4. Schmitt’s idea, then, is that to understand romanticism one must
understand it as a species of occasionalism. But what exactly is
occasionalism? Classically, occasionalism is a theory of causation in
which secondary causes – causes in the natural world – are mere
occasions of divine activity. It is a theory according to which God is
the only genuine or productive cause and every thing else that looks
like a cause is but an ‘occasional cause,’ a mere condition of the
exercise of divine activity. Suppose a bolt of lightning hits a tree and
the tree explodes into flame. If you believe in the efficacy of natural
events, then you say that the bolt of lightning *caused* the tree to
burn.

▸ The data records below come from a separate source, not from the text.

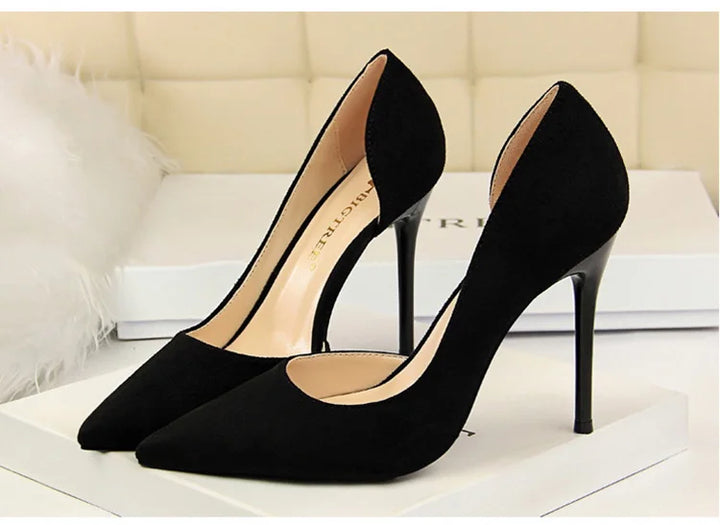 Suede pointed-toe heels with open side design - Nelly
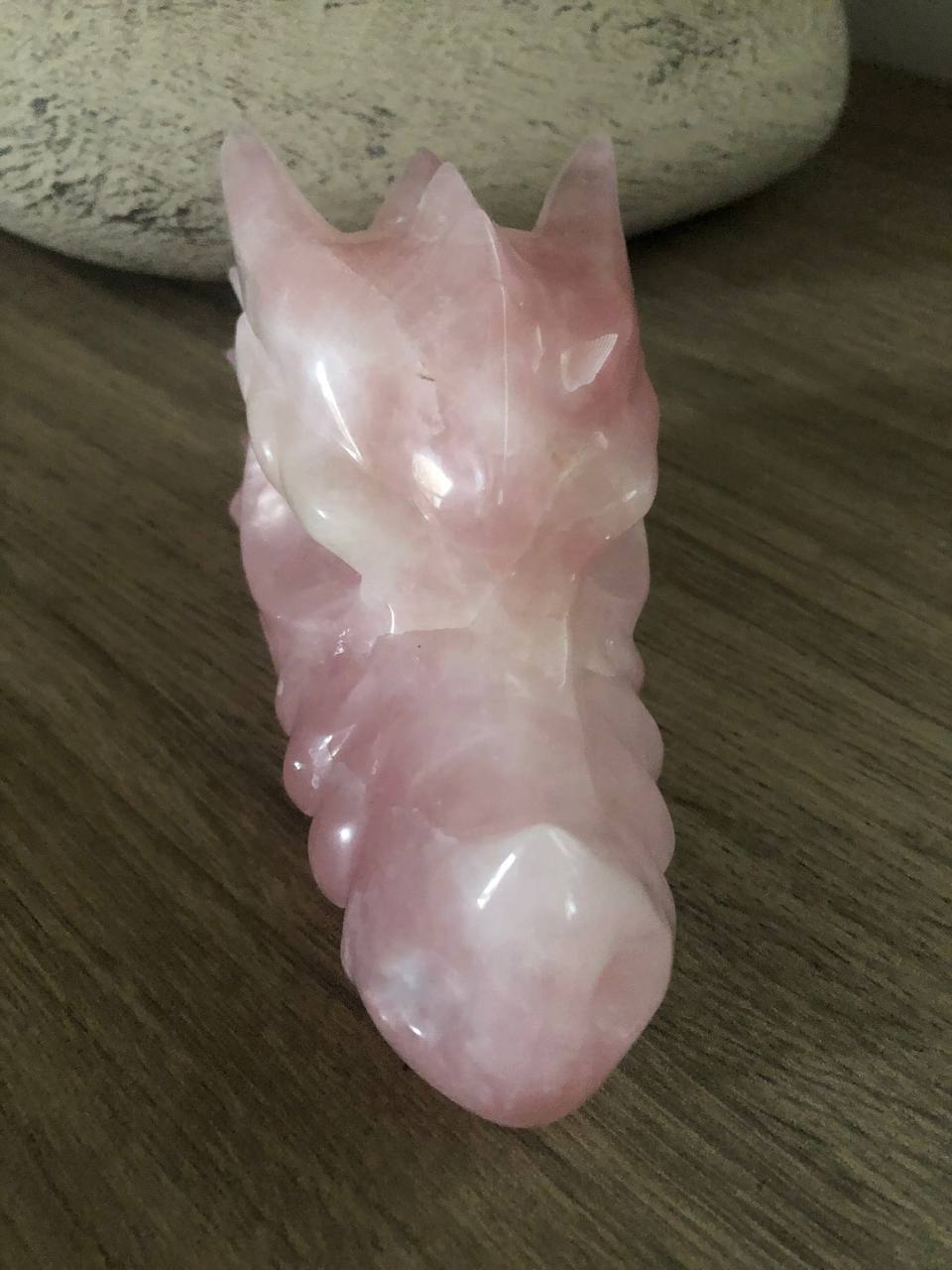 Crâne de dragon cristal en quartz rose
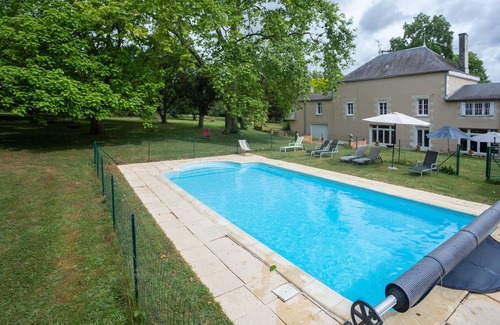 Thurageau House | Family home in a wooded park with swimming pool near Futuroscope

But if you are an occasionalist like the Muslim al-Ghazali
<http://www.epistemelinks.com/Main/Philosophers.aspx?PhilCode=Algh>or
the Christian Malebranche
<http://plato.stanford.edu/entries/malebranche/>, you interpret the same
appearances in a different way: you say that there are two
spatiotemporally contiguous events with one occuring before the other,
but that there is no worldly connection between the two other than
spatiotemporal contiguity and temporal successiveness. Thus there is no
causing on the world’s ‘horizontal plane’ that links the two events. The
exploding into flame is not brought about by the bolt of lightning
contacting the tree; the former is brought about by God ‘vertically’ on
the occasion of the lightning strike.
Classically, then, occasionalism is at once both a theory of causation
and a theory of how God is related to the world: God commands all the
power and the world commands none. Theologically, this fits nicely with
Islam’s emphasis on the radical transcendence, unity, and omnipotence of
Allah. Omnipotence here means not only that God can do everything that
is (metaphysically) possible to do; but also that God actually does
everything that gets done. All doing is divine doing, appearances
notwithstanding.
Schmitt’s idea can be understood in part as follows. The romantic adopts
a metaphysical stance in which the individual human subject is the
center, the final authority, the ultimate arbiter of the good, the true,
and the beautiful. The individual subject takes over the role of God.
The romantic subject must be creative and original at all costs. Since
he cannot create the world /ex nihilo/, he creates fictions /ex nihilo/.
He withdraws aesthetically from the world and its demands and enters a
private world in which he is the “master builder in the cathedral of his
own personality.” (PR 20) Worldly realities are thus demoted to the
status of mere occasions of his romantic productivity."